* Assignment: Could every line below be written out exactly as it appears?

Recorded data
--*--
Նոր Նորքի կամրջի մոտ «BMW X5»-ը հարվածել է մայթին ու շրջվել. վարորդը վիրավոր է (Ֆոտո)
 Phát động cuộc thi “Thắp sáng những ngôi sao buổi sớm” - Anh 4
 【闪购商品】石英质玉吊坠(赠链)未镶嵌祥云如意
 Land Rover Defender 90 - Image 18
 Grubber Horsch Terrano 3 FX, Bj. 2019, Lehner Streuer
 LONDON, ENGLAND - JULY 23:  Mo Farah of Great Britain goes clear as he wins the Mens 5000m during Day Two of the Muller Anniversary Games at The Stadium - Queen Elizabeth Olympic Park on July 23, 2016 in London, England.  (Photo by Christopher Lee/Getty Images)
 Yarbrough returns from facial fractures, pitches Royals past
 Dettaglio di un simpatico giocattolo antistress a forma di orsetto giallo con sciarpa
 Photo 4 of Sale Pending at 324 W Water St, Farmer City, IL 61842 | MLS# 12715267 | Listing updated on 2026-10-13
--*--
* Exercise answer:
Նոր Նորքի կամրջի մոտ «BMW X5»-ը հարվածել է մայթին ու շրջվել. վարորդը վիրավոր է (Ֆոտո)
 Phát động cuộc thi “Thắp sáng những ngôi sao buổi sớm” - Anh 4
 【闪购商品】石英质玉吊坠(赠链)未镶嵌祥云如意
 Land Rover Defender 90 - Image 18
 Grubber Horsch Terrano 3 FX, Bj. 2019, Lehner Streuer
 LONDON, ENGLAND - JULY 23:  Mo Farah of Great Britain goes clear as he wins the Mens 5000m during Day Two of the Muller Anniversary Games at The Stadium - Queen Elizabeth Olympic Park on July 23, 2016 in London, England.  (Photo by Christopher Lee/Getty Images)
 Yarbrough returns from facial fractures, pitches Royals past
 Dettaglio di un simpatico giocattolo antistress a forma di orsetto giallo con sciarpa
 Photo 4 of Sale Pending at 324 W Water St, Farmer City, IL 61842 | MLS# 12715267 | Listing updated on 2026-10-13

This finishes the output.